Crossroads Café, Peckham


Crossroads café at 190 Bellenden Road in Peckham, is a greasy spoon open from 6am to 3pm, every day apart from Sunday when it opens at 7.30am. There is a long menu displayed on a large yellow acrylic board above the counter, featuring unchanging daily specials, breakfasts, omelettes, roast dinners and extras on offer. Many dishes are ‘served with…’ a slice of bread and butter and tea, or coffee, or chips, or beans, or salad, or peas, or roast vegetables and potatoes. 

Anything that you might think would be the ideal addition to your order, comes with it anyway. It is thoughtful and generous in the mould of greasy spoon cafés. Crossroads is not a place that you think, upon paying, “well, it all adds up.” As well as the yellow menu, sheets of printed A4 paper listing the elements included in a range of special menus – varying combinations of the breakfast ingredients – are stuck on the walls around the counter.

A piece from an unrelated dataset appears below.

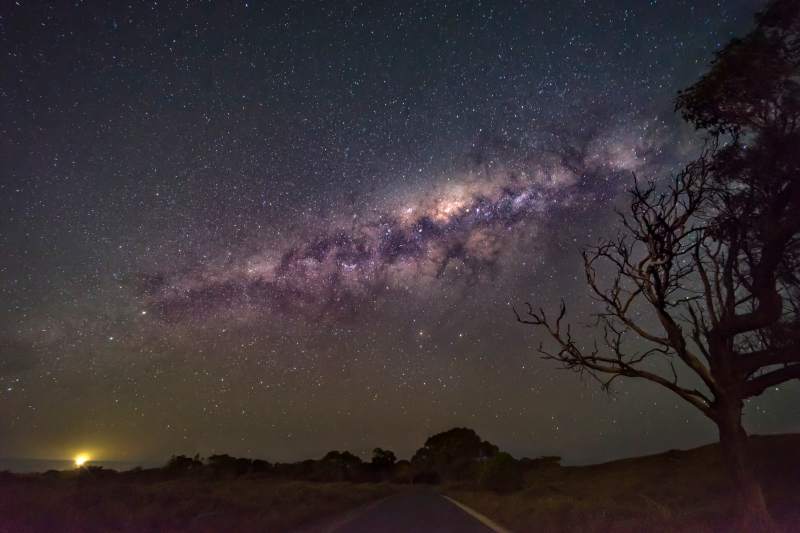 银河夜景与孤树剪影图片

The special menus are numbered and are all different, and yet more or less identical. I have not worked out the pricing logic behind the special menus, which are all marginally different.

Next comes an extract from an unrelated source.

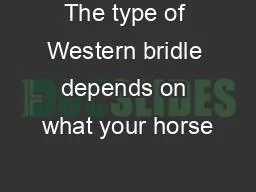 The type of Western bridle depends on what your horse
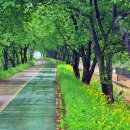 이팝나무길 이미지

On the wall, there are framed photographic posters of bright green mountain valleys, meadows and lakes dotted with wooden cow shacks underneath blue skies, which could be Switzerland or rural France, were it not for the gleaming white mosque nestling in the technicolor idyll. I think the family are of Turkish descent, as the pictures show the Turkish countryside, but the posters could just be generic images of somewhere beautiful. There’s also a watercolour illustration of Crossroads on the wall. The café has been here since 2001, longer than most of the other restaurants and food shops on the street. 

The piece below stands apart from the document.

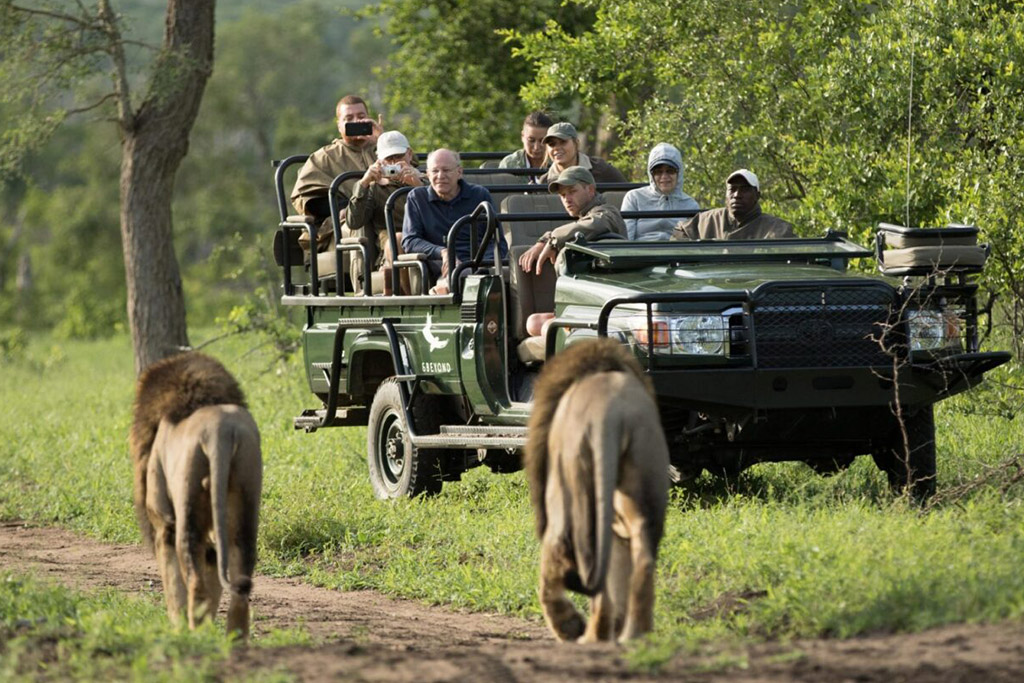 A group of tourists in a safari vehicle observing two male lions walking along a dirt path in the wild.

Image: google street view 

The woman who does front of house, whose name I have not yet asked, is effusively welcoming to all, highly effective, and always makes a cup of tea the same way, without asking how anyone wants it. It always comes exactly how I want it: with the bag in, with milk, no sugar. The bread that they use to make the egg and bacon bap that I usually order is a broad, crusty, flavoursome white roll, not the limp slices that collapse into a pulp when squeezed around a fried egg. The sandwich loaf that they use is also a robust, handmade style and is an excellent place to put 5 fish fingers, which is how many you get in their fish finger sandwiches, along with chips. It’s hard to spend more than £10 between two for breakfast including coffee and a freshly squeezed orange juice, even with a concluding round of toast with marmalade. I appreciate that the butter and marmalade come already spread on the toast by the chefs, I do not have to appreciate the authenticity of chunky marmalade from a rustic jar, and spread it myself.

At least one day a week the chefs and the woman running things all wear gangster style trilby hats. The first time I noticed, I asked if it was in celebration of a national day, I think because it coincided with Mother’s Day, but she said no, it was just a day to wear hats for fun. 

I have never seen anyone complain about the food. In fact usually, compliments abound. The cooks seem to accommodate everyone’s dietary issues: gluten free, vegan, extras, substitutions, more, less: a combination anything you like, if its on the yellow board. Everyone leaves happy, or at least happier than they came in. There is a red faced, slim cross-dresser who wears mini tie-dye beach sarongs and eats vegetarian food; a large, middle aged woman in leggings with a giant mess of jet black hair piled on her head with a big clip who I think lives on my road and is always sat by the counter; a young woman who skips the toast on her order; a queue of police men and women, radios growling as they pick up takeaway orders in brown paper bags; builders on a break from transforming a large red brick Victorian school into luxury flats; the fashionable butcher over the road; young families whose kids get a free lollypop from the proprietress; bleary eyed art students; fragile adults with their grown up children, eating together.

The bacon and egg roll, with the application of three sauces, ketchup, brown sauce and chilli sauce, cheers me up on blue mornings. I hope to try the omelette soon, if I ever make it there on an afternoon.